In effect, it is the doctrine of laches
which is invoked to defeat Jose Cristobal's suit, for not only did Cristobal
fail to file his complaint within one year from the date of separation but, it
is claimed, he allowed almost nine years to pass before coming to court by
reason of which he is deemed to have acquiesced to his removal.
In Tijam
vs. Sibonghanoy, this Court stated that in
a general sense, laches is failure or neglect, for an unreasonable and unexplained
length of time, to do that which, by exercising due diligence, could or should
have been done earlier; it is negligence or omission to assert a right
within a reasonable time, warranting a presumption that the party entitled to
assert it either has abandoned it or declined to assert it.
However, as will be
indicated below, there are certain
exceptional circumstances attending which take this case out of the rule
enunciated above and lead the Court to grant
relief to appellant. Thus –
1.
There was no
acquiescence to or inaction on the part of Jose Cristobal amounting to
abandonment of his right to reinstatement in office.
2.
It was an act of the government through its
responsible officials more particularly then Executive Secretary Amelito Mutuc
and his successors which contributed to the alleged delay in the filing of
Cristobal's present complaint for reinstatement. It was this continued promise
of the government officials concerned which led Cristobal to bide his time and
wait for the Office of the President to comply with its commitment.
“The doctrine of laches is an equitable
principle applied to promote but never to defeat justice.
3.
The dismissal of appellant Cristobal was
contrary to law on the strength of this Court's Decision in Ingles vs.
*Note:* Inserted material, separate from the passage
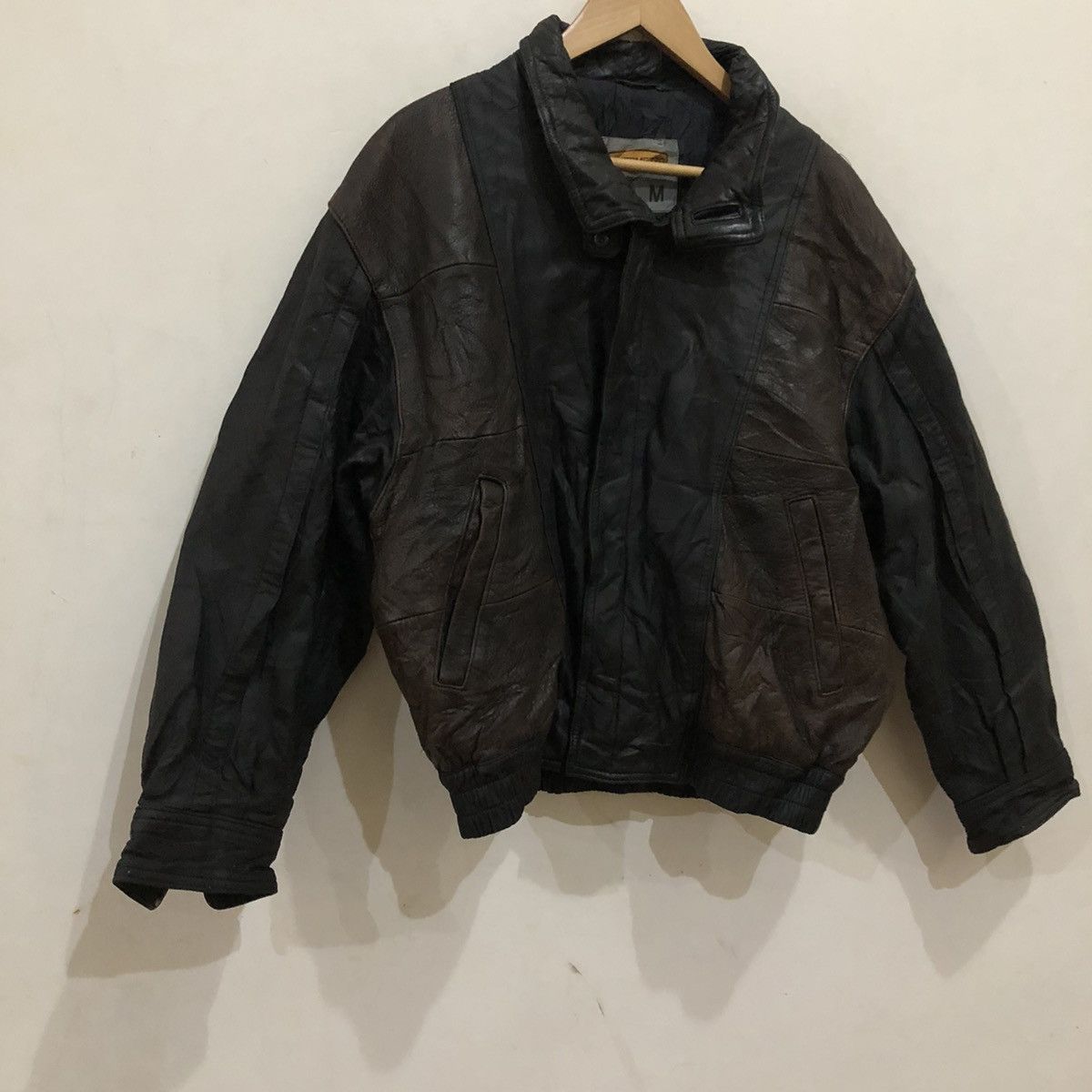 Aero Leathers Bomber Leather Jacket Intermezzo by D'URBAN Inc Size US M / EU 48-50 / 2 - 3 Thumbnail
Mutuc.
To summarize, with the circumstances thus
surrounding this particular case, viz:
(a)
Jose Cristobal consistently pressed for a
reconsideration of his separation from the
service;
(b)
he was given assurance that he would be recalled
at the opportune time; and
(c)
that the sudden termination of his employment
without cause after eight years of service in the government is contrary to law following the ruling in Ingles vs. Mutuc which inures to the benefit
of Cristobal who is similarly situated as the plaintiffs in said case and who
merely desisted from joining the suit because of the assurance given him that
he would be recalled to the service - with all these factors, We repeat, there
is justification for not applying
existing jurisprudence to his
case.
This Court, applying the principle of
equity, need not be bound to a rigid application of the law, but rather its
action should conform to the conditions or exigencies of a given problem or
situation in order to grant a relief that will serve the ends of justice.
12. Judgment for costs
Against whom
The Court may render judgment for
costs against either: a. Petitioner
b. Relator
c. Respondent
d. Person/s
claiming to be corporation or
e. May apportion the costs as justice requires.